Three decades of stagnant economic growth and deflation have not enamoured investors to the country, but despite this backdrop, good money has still been made.
“Our fund is full of companies which have overcome decades of economic volatility, currency appreciation, threats from cheap labour and imitation, and even geopolitical risks, to become the main suppliers of those brands and technology,” commented Richard Kaye, co-manager of Comgest Growth Japan.
“Japan remains one of the most misperceived and under-researched markets in the world,” he continued. “On average, each stock in the Japan indices is followed by around seven analysts. In contrast, there are more than 40 analysts for companies in the US indices.”
This lack of interest from even professional investors creates opportunities for fund companies and managers that can conduct their own research.
“The opportunity for active Japanese equity management to outperform even global indices is unchanged, in our view, with the breadth of excellent companies and the attractive valuations owing to a lack of coverage,” said Richard.
“As the world reopens, the rediscovery of Japan will continue.”
Historically, Japanese businesses have been notoriously slow in adopting modern business practices.
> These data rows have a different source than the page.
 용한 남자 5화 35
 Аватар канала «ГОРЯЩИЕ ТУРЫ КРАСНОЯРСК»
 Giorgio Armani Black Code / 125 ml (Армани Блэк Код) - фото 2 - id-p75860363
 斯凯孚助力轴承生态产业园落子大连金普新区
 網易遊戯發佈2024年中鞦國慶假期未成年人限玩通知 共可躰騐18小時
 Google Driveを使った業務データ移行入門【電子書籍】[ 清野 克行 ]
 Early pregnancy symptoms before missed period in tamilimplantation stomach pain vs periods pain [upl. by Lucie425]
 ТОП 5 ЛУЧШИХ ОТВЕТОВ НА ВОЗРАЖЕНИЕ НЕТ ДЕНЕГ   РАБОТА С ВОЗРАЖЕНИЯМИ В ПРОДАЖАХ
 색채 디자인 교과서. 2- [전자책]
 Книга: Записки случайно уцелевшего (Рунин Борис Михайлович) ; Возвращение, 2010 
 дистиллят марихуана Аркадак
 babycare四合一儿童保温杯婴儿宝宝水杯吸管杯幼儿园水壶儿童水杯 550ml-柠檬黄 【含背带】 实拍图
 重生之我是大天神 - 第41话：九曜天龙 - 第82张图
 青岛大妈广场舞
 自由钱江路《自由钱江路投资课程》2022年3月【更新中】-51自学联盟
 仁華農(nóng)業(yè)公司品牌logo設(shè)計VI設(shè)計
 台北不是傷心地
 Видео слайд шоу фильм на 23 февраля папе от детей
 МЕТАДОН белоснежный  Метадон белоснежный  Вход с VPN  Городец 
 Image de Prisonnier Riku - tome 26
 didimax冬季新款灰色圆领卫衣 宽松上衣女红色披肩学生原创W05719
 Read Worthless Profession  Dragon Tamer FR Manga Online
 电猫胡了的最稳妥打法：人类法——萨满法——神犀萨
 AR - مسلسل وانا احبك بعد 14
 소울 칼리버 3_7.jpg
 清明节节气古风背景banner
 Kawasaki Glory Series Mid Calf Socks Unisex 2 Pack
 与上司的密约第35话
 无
Until recently, for example, a physical stamp (the ‘hanko’) was still used by many in place of a signature to process official documents. Unlike in other developed markets, the discerning nature of Japanese consumers, who value personal contact and high standards of service, has also insulated brick and mortar retailers from online competition.
But this state of affairs has been shaken up by the pandemic, as restrictions to avoid the spread of the virus have forced consumers and companies to adapt.
“It would be fair to say that the impact of the pandemic goes far beyond just affecting businesses in Japan,” commented Praveen Kumar, manager of Baillie Gifford Shin Nippon investment trust. “Traditional business practices, consumption patterns and the provision of critical services like healthcare have all witnessed a fundamental shift. Both businesses and consumers are realising the immense value that technology and online services bring to the table, and therefore we think many of these trends are likely to persist over the long-term.
When the Japanese latch on to something and see it works, there is rapid and widespread adoption.”
Sophia Li, co-manager of FSSA Japan Focus, agrees: “The 2011 Tōhoku earthquake taught us that significant external events can change consumer behaviour – even against the backdrop of Japan’s conservative society norms,” she said. “The longer such catastrophes continue, the more structurally embedded the new behaviour becomes.
“To date, despite Japan boasting one of the largest annual IT expenditures globally, the pace of digital adoption there has been slow. There is still a strong attachment to methods from the “old days”, with manual processes and offline business models. However, with tailwinds brought about by Covid, companies are now picking up the digital pace.”
Thomas Patchet investment specialist for Japanese equities at Baillie Gifford, told us more in this podcast:
Praveen continued: “Old Japan was full of low or no growth companies and legacy industries. Management lacked dynamism, there was poor corporate governance, and the market deserved a low valuation.
“New Japan has exciting, high growth firms, new business models and globally relevant technologies. Millennials and Gen Z embrace optimism and there is a renaissance for risk tolerance and changing consumption patterns: frugal spending habits have been dropped in favour of a loosening of purse strings.
“Innovation is opening in new sectors, increasing the crop of young, dynamic entrepreneurs. There is a greater focus on shareholders and returns a very little sell-side coverage – so there is real scope to add value for investors.”